Extracted material:
....

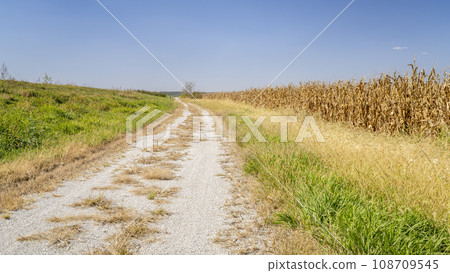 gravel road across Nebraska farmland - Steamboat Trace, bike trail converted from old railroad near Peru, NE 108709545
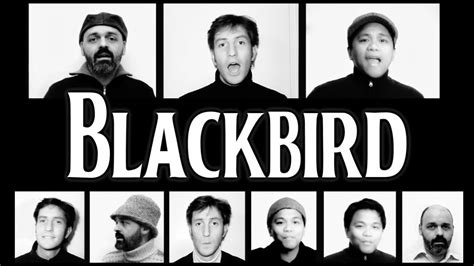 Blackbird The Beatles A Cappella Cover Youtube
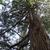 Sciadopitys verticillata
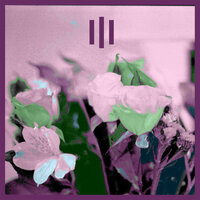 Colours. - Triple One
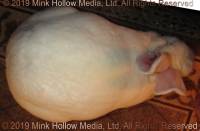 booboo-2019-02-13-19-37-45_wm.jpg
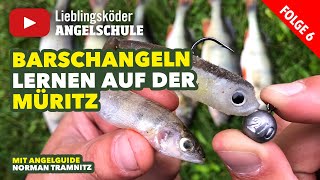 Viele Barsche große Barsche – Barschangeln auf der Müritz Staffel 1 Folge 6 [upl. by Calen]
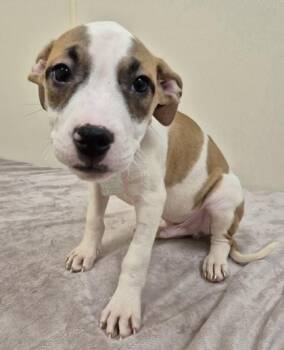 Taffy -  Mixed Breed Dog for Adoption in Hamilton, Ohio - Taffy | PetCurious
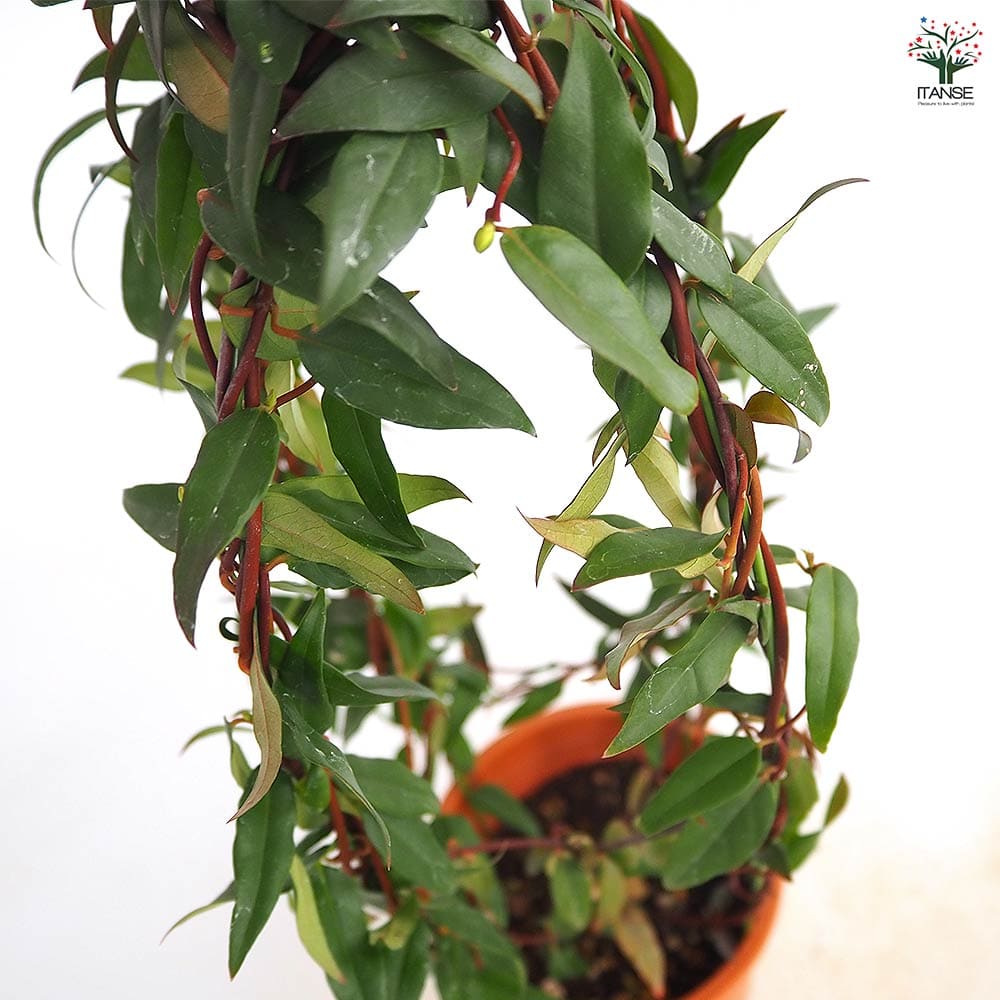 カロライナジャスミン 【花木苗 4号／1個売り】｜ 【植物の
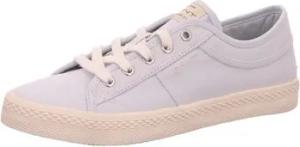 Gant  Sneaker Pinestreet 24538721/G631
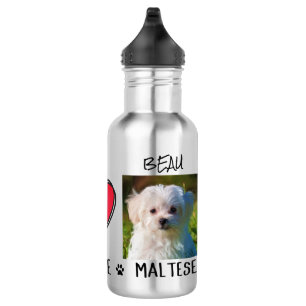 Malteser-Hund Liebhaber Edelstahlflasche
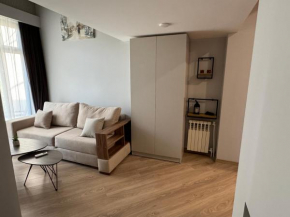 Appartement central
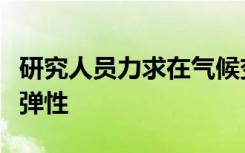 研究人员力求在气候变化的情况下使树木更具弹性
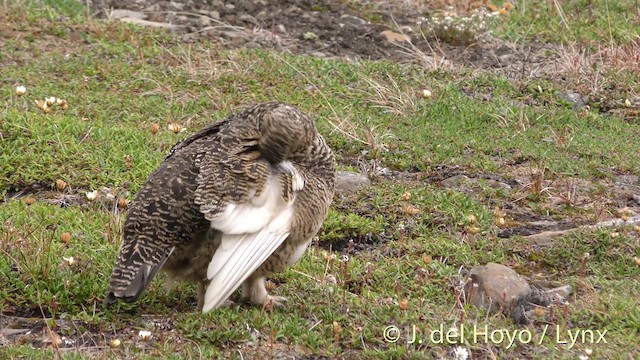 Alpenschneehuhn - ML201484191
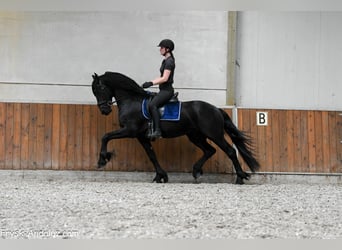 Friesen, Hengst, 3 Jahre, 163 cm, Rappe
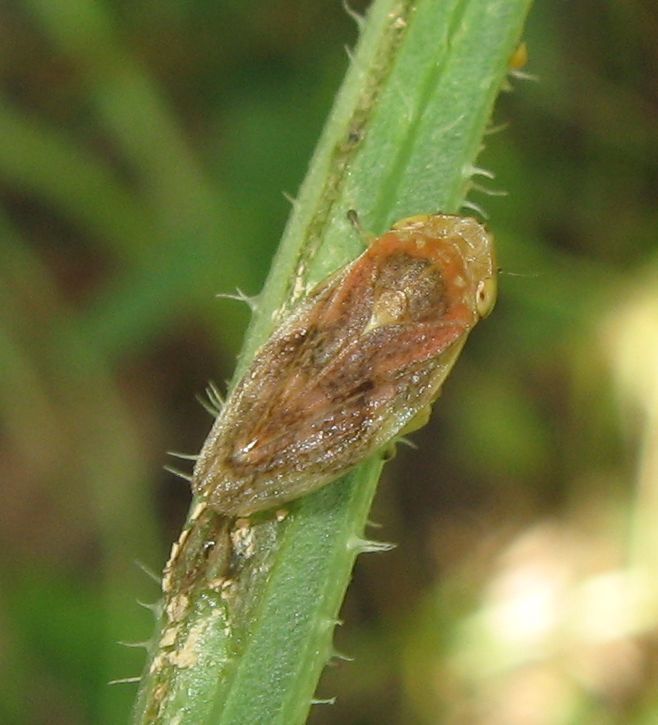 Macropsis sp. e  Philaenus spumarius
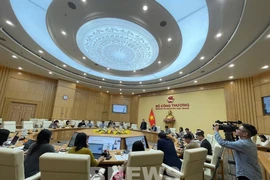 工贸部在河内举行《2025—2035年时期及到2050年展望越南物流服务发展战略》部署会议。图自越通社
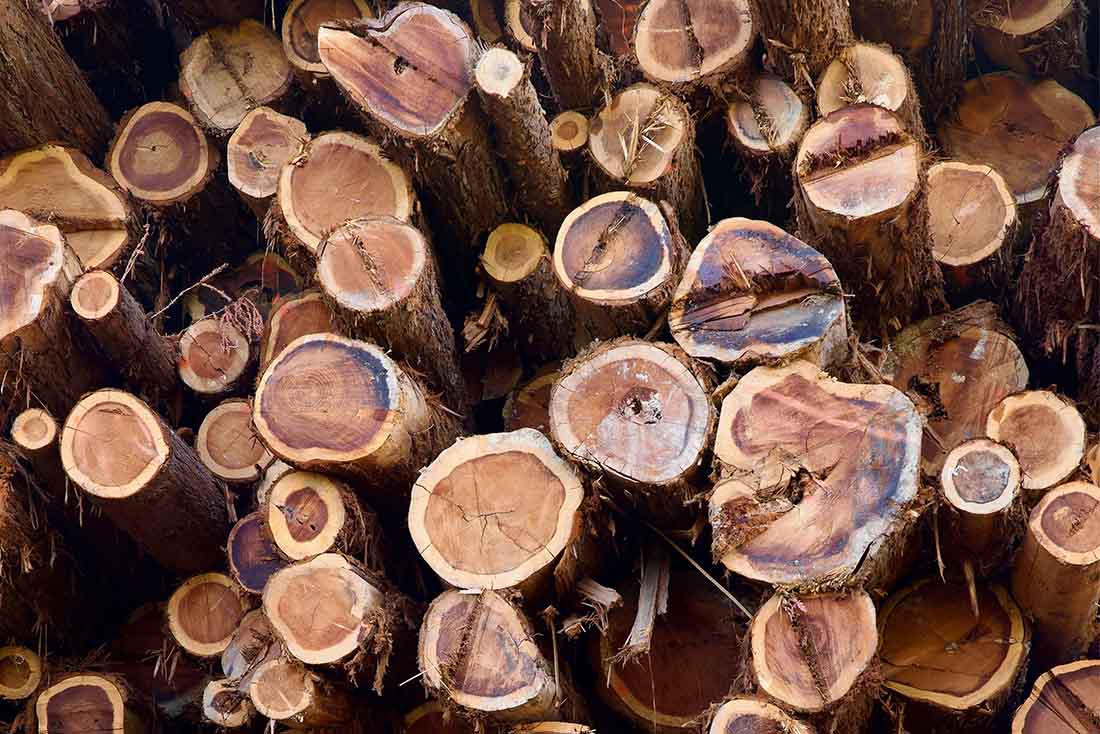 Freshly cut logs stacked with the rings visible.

....

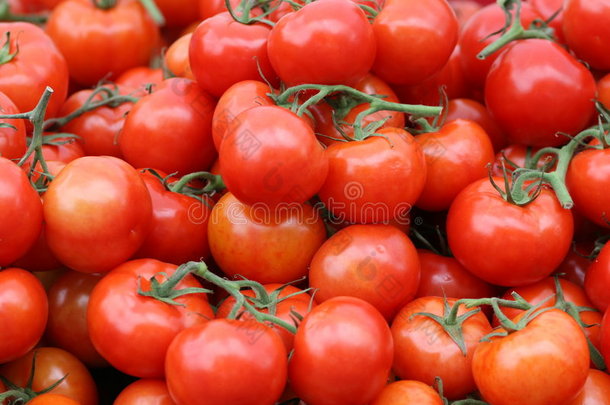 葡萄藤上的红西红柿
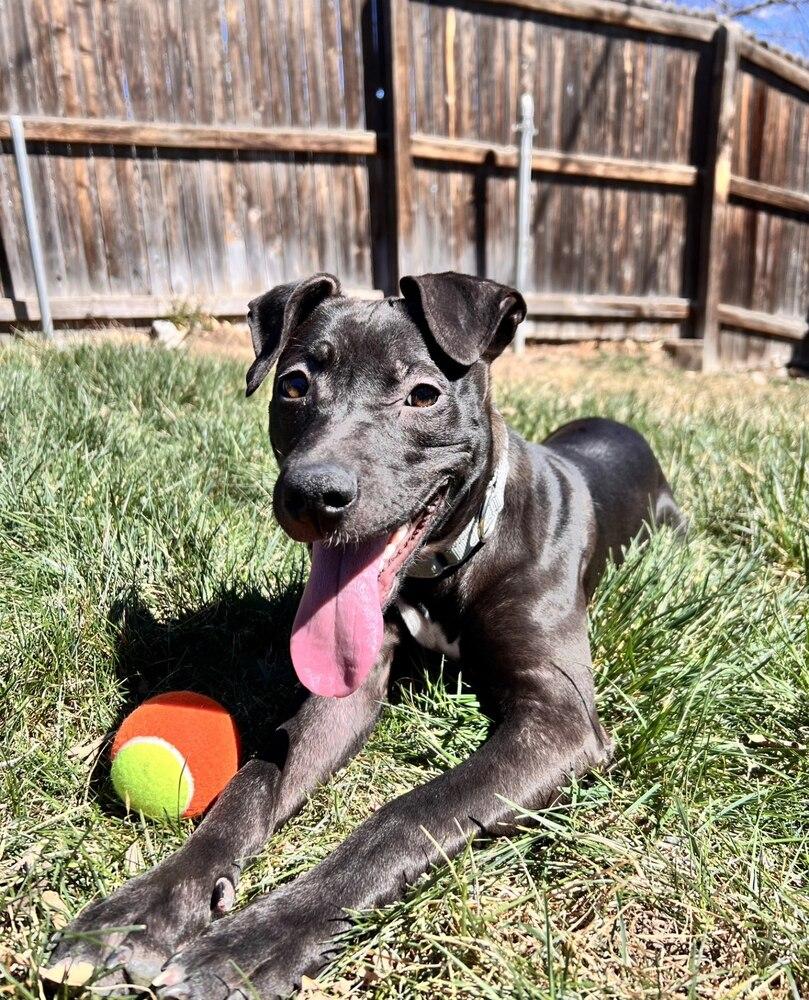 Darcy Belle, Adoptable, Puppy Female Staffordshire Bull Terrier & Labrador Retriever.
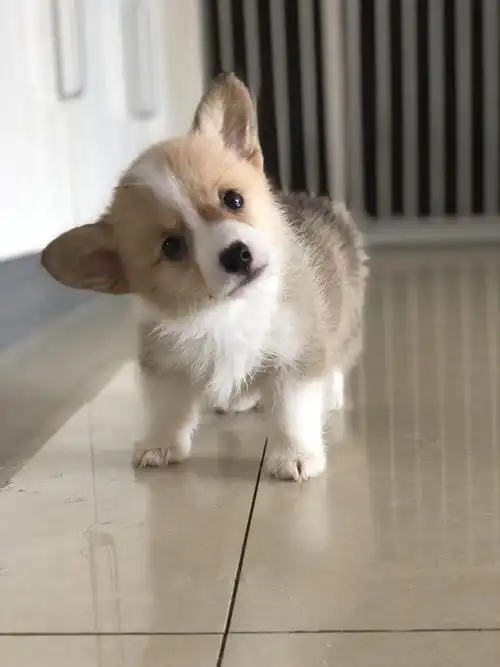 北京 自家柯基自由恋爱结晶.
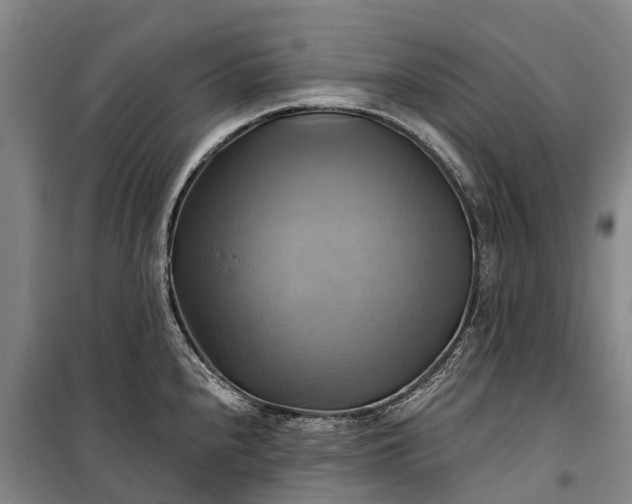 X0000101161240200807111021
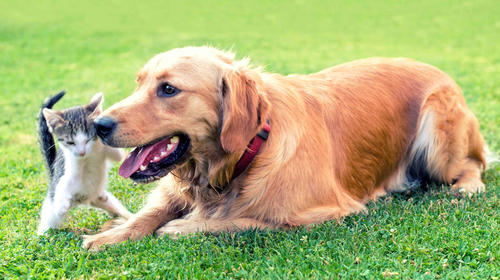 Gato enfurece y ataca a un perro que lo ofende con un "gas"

....

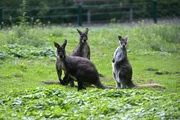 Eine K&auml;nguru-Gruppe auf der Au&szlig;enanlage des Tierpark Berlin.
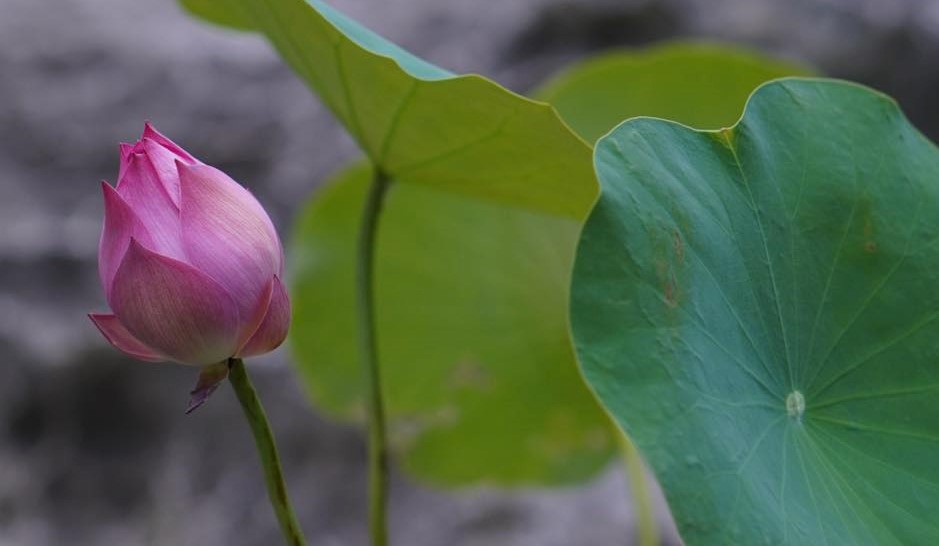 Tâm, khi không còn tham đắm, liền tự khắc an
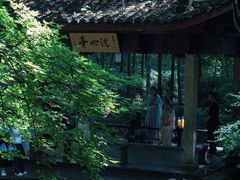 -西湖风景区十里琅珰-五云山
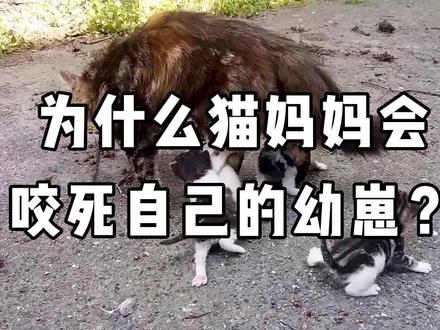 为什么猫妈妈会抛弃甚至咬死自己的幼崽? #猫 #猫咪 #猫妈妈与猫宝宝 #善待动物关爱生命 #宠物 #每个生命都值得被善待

....

Problem: Produce an exact reproduction of the listing above, limited to the lines starting at the line with "gravel road across" and ending at the line with "Freshly cut logs", both kept, with every picture left out.

Exercise answer:
 gravel road across Nebraska farmland - Steamboat Trace, bike trail converted from old railroad near Peru, NE 108709545
 Blackbird The Beatles A Cappella Cover Youtube
 Sciadopitys verticillata
 Colours. - Triple One
 booboo-2019-02-13-19-37-45_wm.jpg
 Viele Barsche große Barsche – Barschangeln auf der Müritz Staffel 1 Folge 6 [upl. by Calen]
 Taffy -  Mixed Breed Dog for Adoption in Hamilton, Ohio - Taffy | PetCurious
 カロライナジャスミン 【花木苗 4号／1個売り】｜ 【植物の
 Gant  Sneaker Pinestreet 24538721/G631
 Malteser-Hund Liebhaber Edelstahlflasche
 Appartement central
 研究人员力求在气候变化的情况下使树木更具弹性
 Alpenschneehuhn - ML201484191
 Friesen, Hengst, 3 Jahre, 163 cm, Rappe
 Macropsis sp. e  Philaenus spumarius
 工贸部在河内举行《2025—2035年时期及到2050年展望越南物流服务发展战略》部署会议。图自越通社
 Freshly cut logs stacked with the rings visible.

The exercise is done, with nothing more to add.